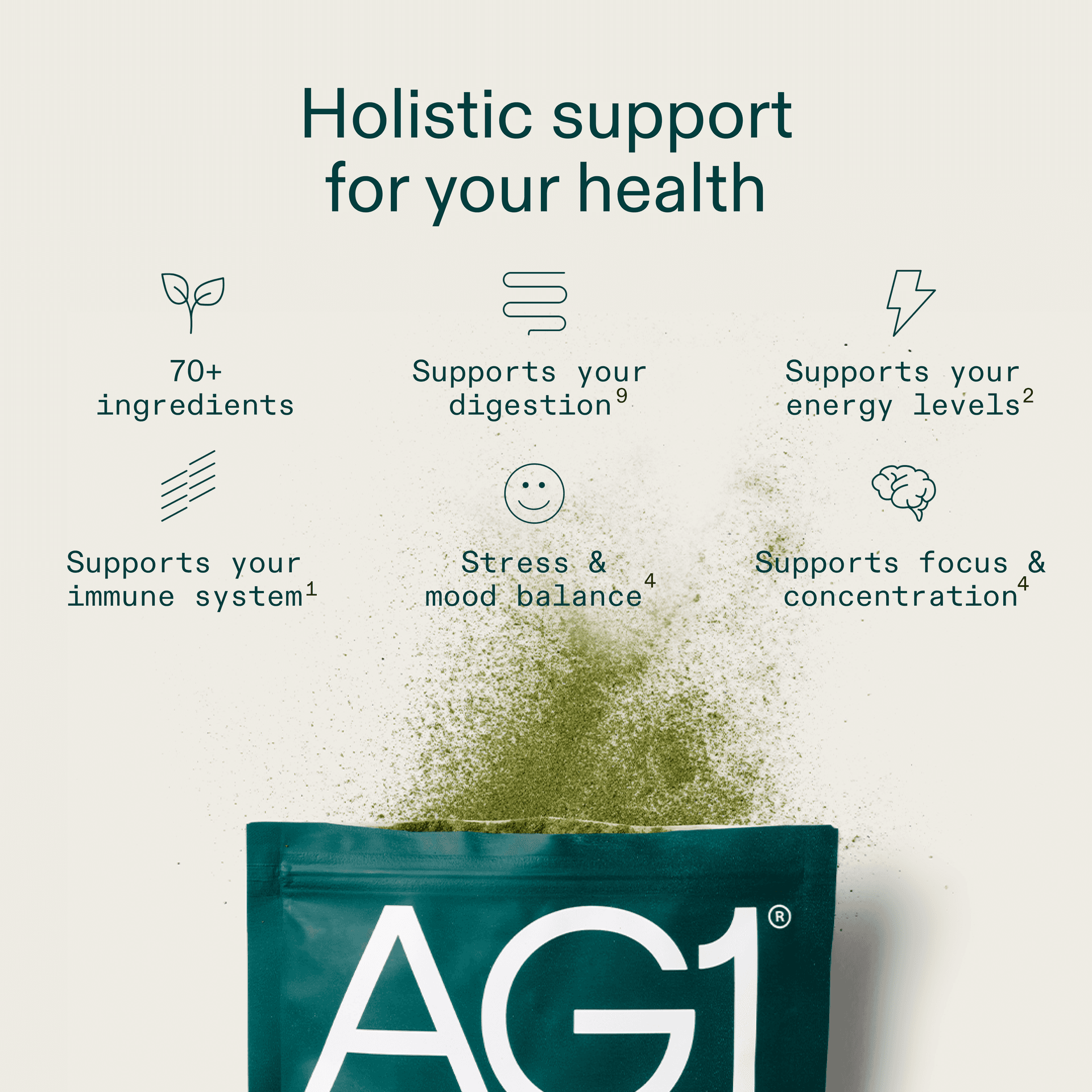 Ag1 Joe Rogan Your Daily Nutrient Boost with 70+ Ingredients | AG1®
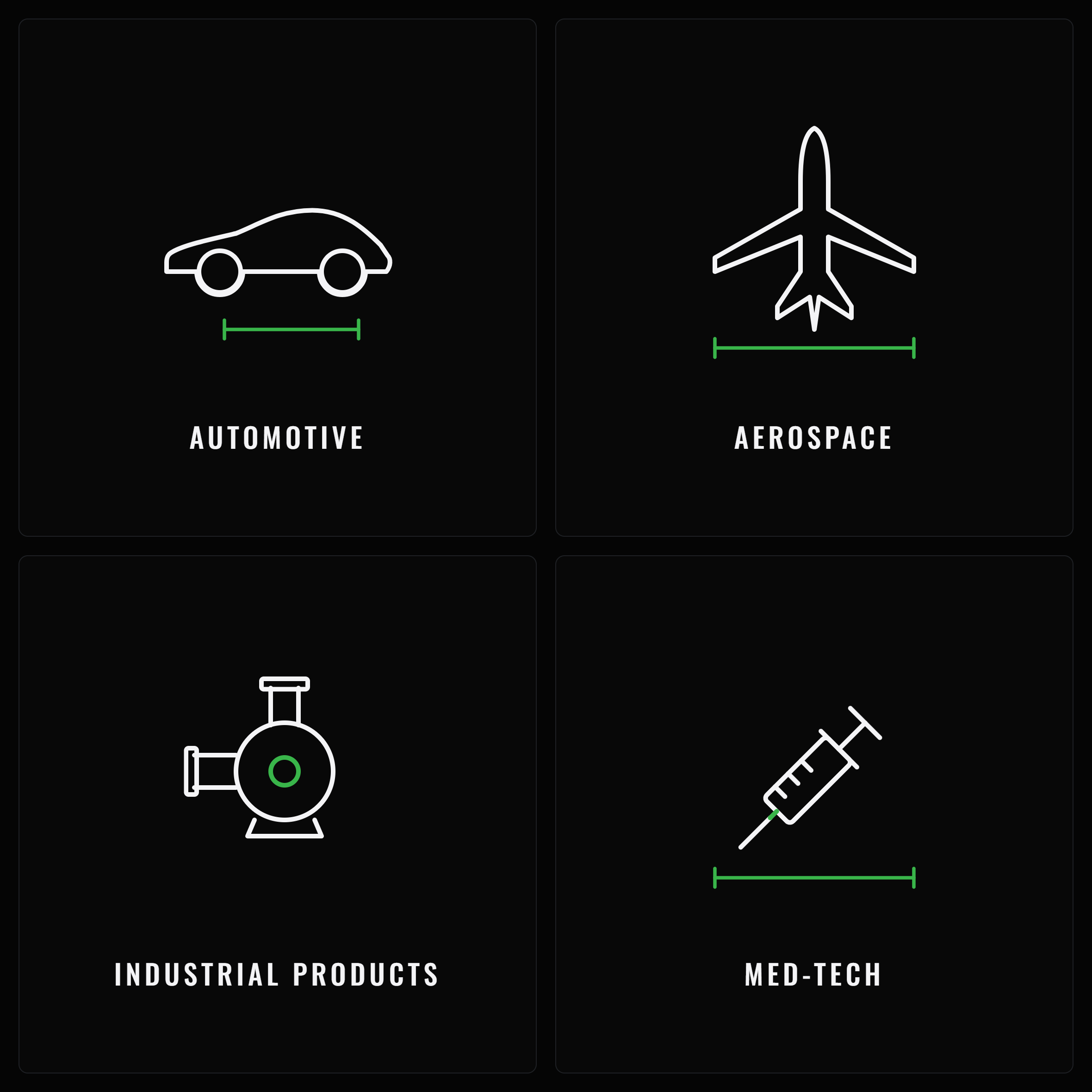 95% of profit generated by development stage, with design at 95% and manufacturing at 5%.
==
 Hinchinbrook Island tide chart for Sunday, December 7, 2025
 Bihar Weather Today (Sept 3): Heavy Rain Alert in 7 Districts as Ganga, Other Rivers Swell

[Goal of the exercise]: Go through the listing above and write out exactly the lines starting with the one holding "Hinchinbrook Island tide" and running through the one holding "Bihar Weather Today", ends included, and no others.

[Answer section]:
 Hinchinbrook Island tide chart for Sunday, December 7, 2025
 Bihar Weather Today (Sept 3): Heavy Rain Alert in 7 Districts as Ganga, Other Rivers Swell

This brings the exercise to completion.